> **What to produce**
Without any images, write the data out exactly as it appears.
BEGIN Raw data
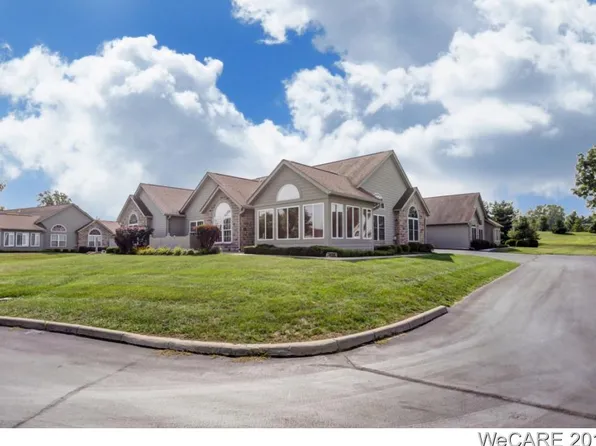 2859 Riverwalk Blvd, Lima, OH 45806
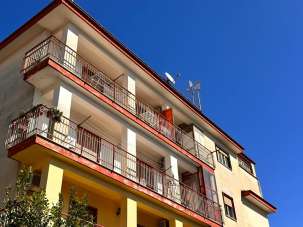 Vendita Appartamento, Santa Maria a Vico Vendita Appartamento, Santa Maria a Vico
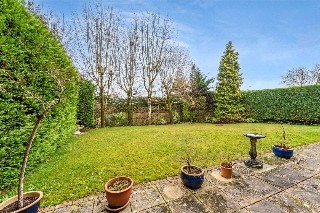 Parsonage Close, Petersfield, Hampshire, GU32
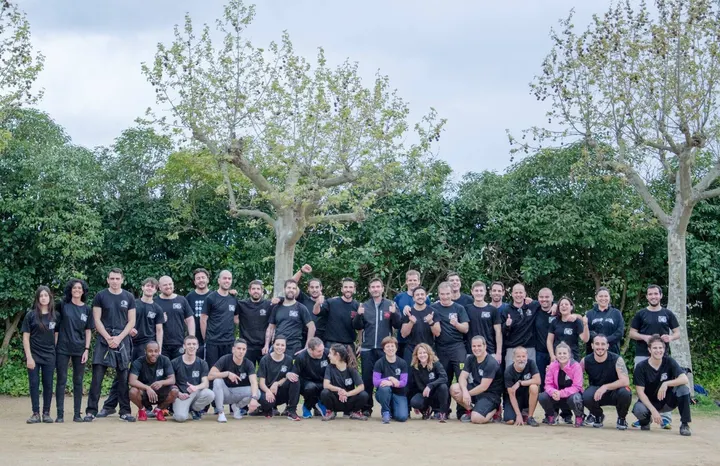 Krav Maga Badalona — artes marciales-studio en Badalona — 5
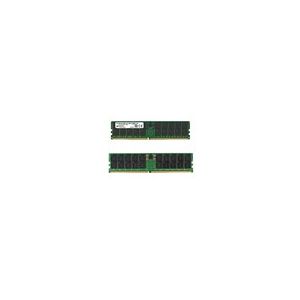 Micron MTC20F208XS1RC56BB1R 48GB 5600MT/s PC5-44800 Registered DIMM 288-pin DDR5 Module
END Raw data
> **Answer area**
 2859 Riverwalk Blvd, Lima, OH 45806
 Vendita Appartamento, Santa Maria a Vico Vendita Appartamento, Santa Maria a Vico
 Parsonage Close, Petersfield, Hampshire, GU32
 Krav Maga Badalona — artes marciales-studio en Badalona — 5
 Micron MTC20F208XS1RC56BB1R 48GB 5600MT/s PC5-44800 Registered DIMM 288-pin DDR5 Module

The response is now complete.